Last night (Saturday, the day before July 4th) from 8:30pm til about 11:30pm I couldn’t get reception for UberEats, Amazon, the web or anything else.

Didn’t try making phone calls- pretty sure that would have been ok. Moved around a lot to find better reception with no luck. I was in all types of areas (residential, commercial, touristy, etc.). I went to a couple areas where I’ve had lots of luck before- nothing!

I use an iPhone 6-S with IOS 14.6. I tried all the usual stuff a bunch of times (close the app, shutdown/restart, power off completely, etc.).

Strangely, at about 11:30pm (right after I arrived at a new location), I started getting a ton of $2-3 crap. Turned them all down.

Stayed busy with other non-gig related stuff til 2:30amish when, finally, it got much better. Did 4 deliveries in about an hour and made almost exactly $40 for the hour. If I hadn’t kept busy during the downtime, I’d have been really pissed. Still, far from what I expect on a Saturday night.

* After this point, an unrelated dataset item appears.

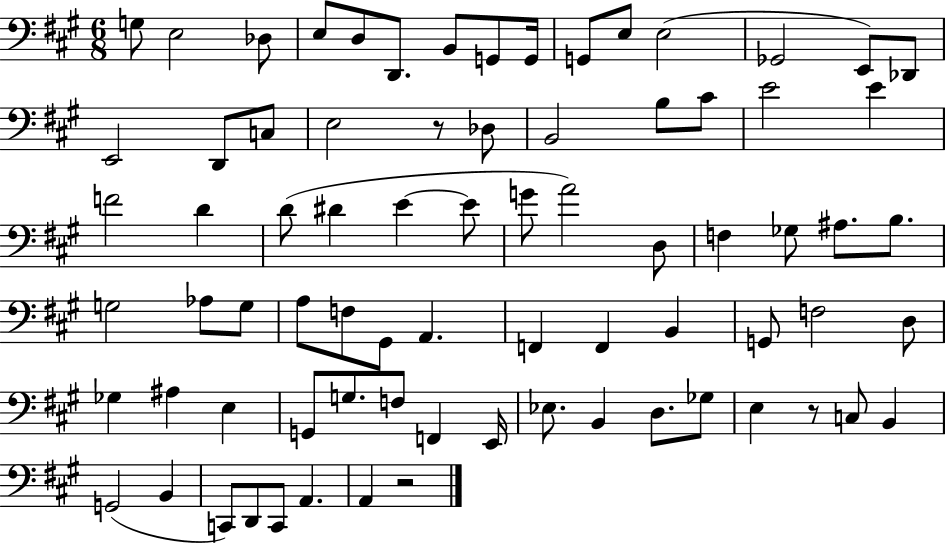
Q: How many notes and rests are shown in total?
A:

Any thoughts on what to do to get a solid online connection?


----------



## SHalester (Aug 25, 2019)

an easier thing to try is turn on airplane mode, which kills the cellurar single. And flip back on; that refreshes the cell signal. Faster than a full power set.


----------



## Seamus (Jun 21, 2018)

Driving With A Purpose said:


> First I want to give credit to “nosurgenodrive” for what was posted in another thread. The thread was about rogue drivers jamming signals. The post was this:
> 
> “every cell phone carrier is azz right now because of their 5G “upgrade”. Dead zones everywhere.”
> 
> ...


Who is your provider? There is a lot going on right now with certain cellphone providers and it’s affecting their network if your not aware.


----------



## Hexonxonx (Dec 11, 2019)

Seamus said:


> Who is your provider? There is a lot going on right now with certain cellphone providers and it’s affecting their network if your not aware.


What is going on?

T-Mobile has been out all weekend in about a 2 block radius in the area I wait for orders in. It's only T-Mobile though.


----------



## Driving With A Purpose (Jul 28, 2020)

My provider is Verizon. 

Also, I meant to say that I do indeed try Airplane mode. That helps perhaps 20-30% of the time.

How long is it gonna take for this 5G network to be built out? I have a feeling it will be a good long while.


----------



## SHalester (Aug 25, 2019)

Driving With A Purpose said:


> How long is it gonna take for this 5G network to be built out?


it would certainly help when the next iPhone comes out with 5G support. More people clamoring for 5G support.


----------



## Vernited (Sep 6, 2018)

I am sorry, what? did someone say something?


----------



## Amos69 (May 17, 2019)

Most times my phone sys 5G, my service speed droops to 3 G


----------



## LACheckerDr (Apr 22, 2015)

Install nPerf. It has a detailed color coded network map for all providers/networks. Quality service map is crowdsourced vs linked to the one provided by phone company.


----------



## Driving With A Purpose (Jul 28, 2020)

LACheckerDr said:


> Install nPerf. It has a detailed color coded network map for all providers/networks. Quality service map is crowdsourced vs linked to the one provided by phone company.


I use an iPhone. Is there a decent free version? Do you know which one?


----------



## LACheckerDr (Apr 22, 2015)

Driving With A Purpose said:


> I use an iPhone. Is there a decent free version? Do you know which one?


Just checked and nPerf has an IOS version in the app store. Should be free.


----------